When parsing Washington Post articles, handle old format as well as new format

While testing the crawler with the Washington Post parser, I noticed that some errors thrown were for not being able to find the article body in articles from the Washington Post domain. This means that a different article format was present and the parser couldn't grab the article body with the given xpath. (See Scrapy docs here for info on xpath selectors)

This article about Herman Cain, for instance, is still present in an older, wordpress-based format.

The way to go about handling this will be to extend the existing parser function to try various xpath or css selectors (see doc link above) to determine what format the article is in. In this instance, the article itself is now in a <div ...> item rather than an <article itemprop="articleBody">:

<div class="wp-column ten margin-right main-content">

Write Item Class for MediaItems

The item pipeline for this project will be handling MediaItems. These can be articles, tweets, videos, or even posts on reddit. The item which will encompass these can be very generic and not have all fields be required.

Metadata like tags is often common between articles and videos, though the concept has some overlap with #tags on twitter.

The one large commonality between all of these are the references they make. Articles link to other media items in their body, as do tweets and posts on reddit and other message boards. Videos often have links in their descriptions, and videos embedded from YouTube can be resolved to an ID, which can then be used to grab further data through YouTube--such as these descriptions.

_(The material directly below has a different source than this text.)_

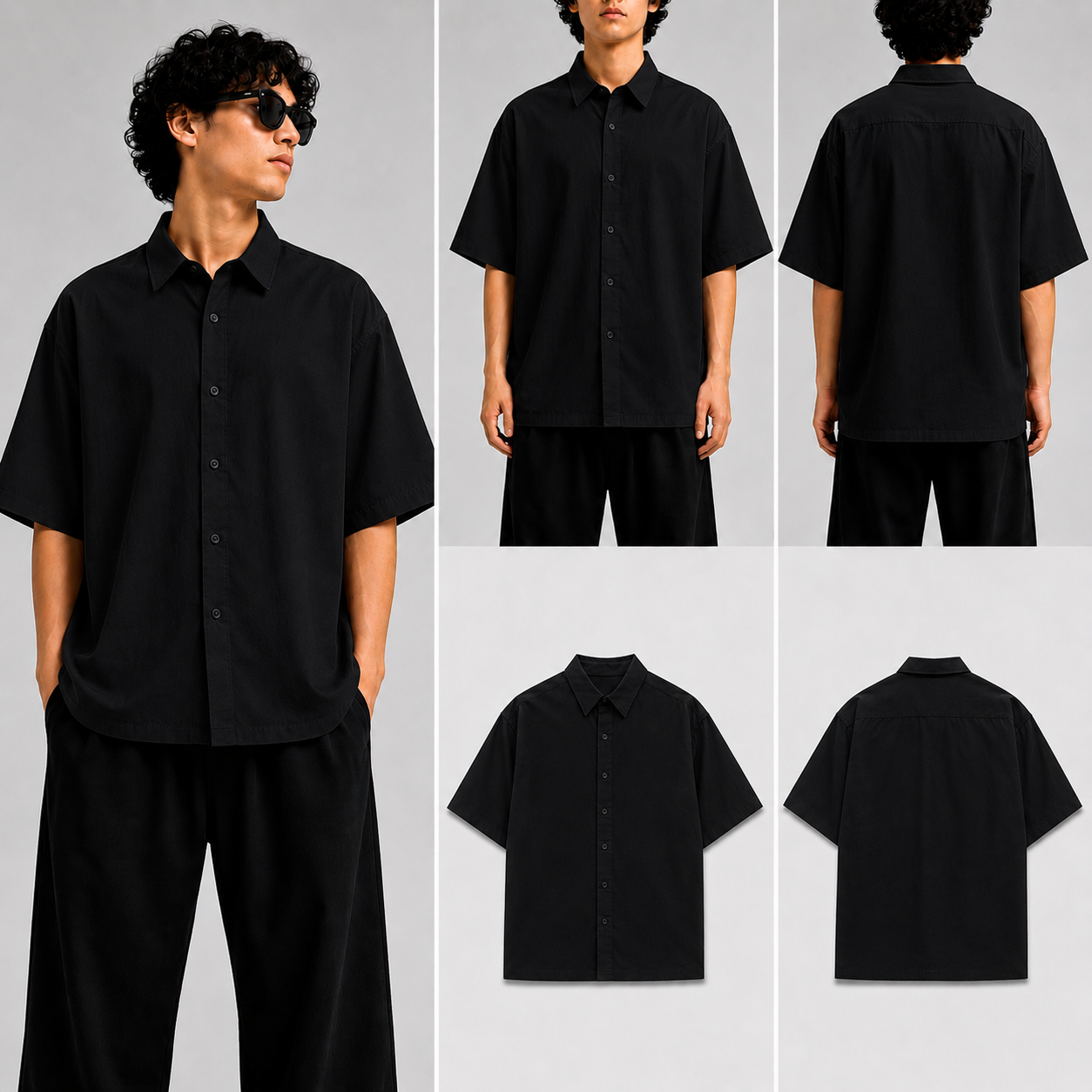 Plain Black Unisex Oversized Shirt for man & women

Parse Business Insider Articles

Using the WashingtonPost parser as an example, we want to create another parser for this source.
Note: As of now, we only care to grab anchor tag <a> references.

This will involve a few things:

You will have to define the parser in its own submodule under crawler/crawler/parsers
This parser will have to return a list of reference objects (dicts in Python), given a scrapy response
These parser objects must have the following:
- 'href': the link within the anchor tag itself
- 'text': the text or item which the anchor tag wraps
- 'context': the paragraph <p> tag enclosing the given anchor tag's cleaned text.
Some sites may have various formats depending on article category or article age (see this issue). These will have to all be handled in the parser. It is fine if you do not catch this at first. Sometimes older articles will only be referenced by older articles, and that is one crazy rabbit hole to try and go down in the initial stages.

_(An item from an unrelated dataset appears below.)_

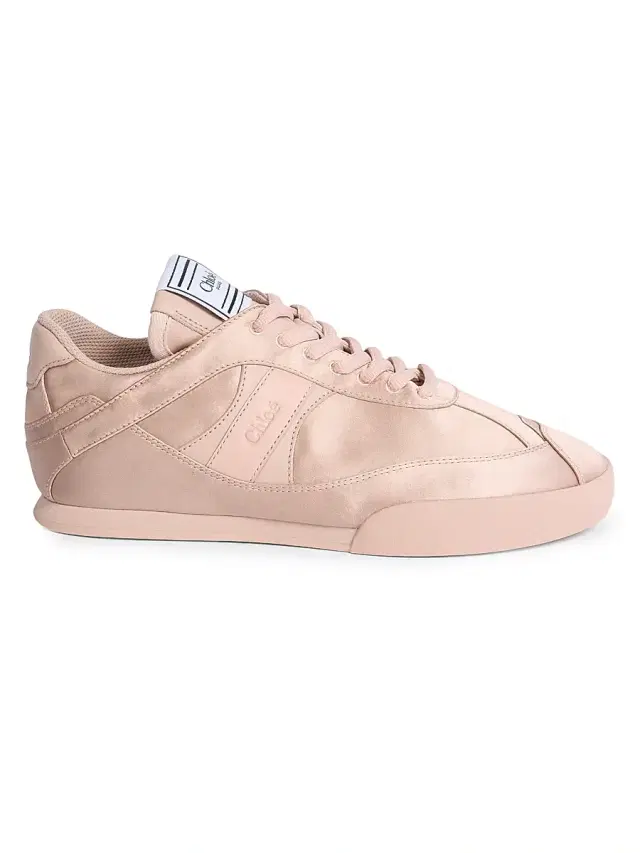 Women's Kick Logo Satin Low-Top Sneakers - Ballet Pink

When submitting a PR for this, please include some sample references which you scraped from a source. We can work through cleaning it and getting it right if it comes down to it :)

Handle Pay-to-View Articles

This is, unfortunately, going to have to be a case-by-case issue across each site. As this is an open-source project, we aren't currently in the business of paying for a ton of various subscriptions.

These will have to be detected differently upon response handling for each media entity we scrape.

The handling, however, can be pretty simple. I figure we can just export these as leaf-nodes in the trees we scrape, labeling their media type as Pay-gated Article.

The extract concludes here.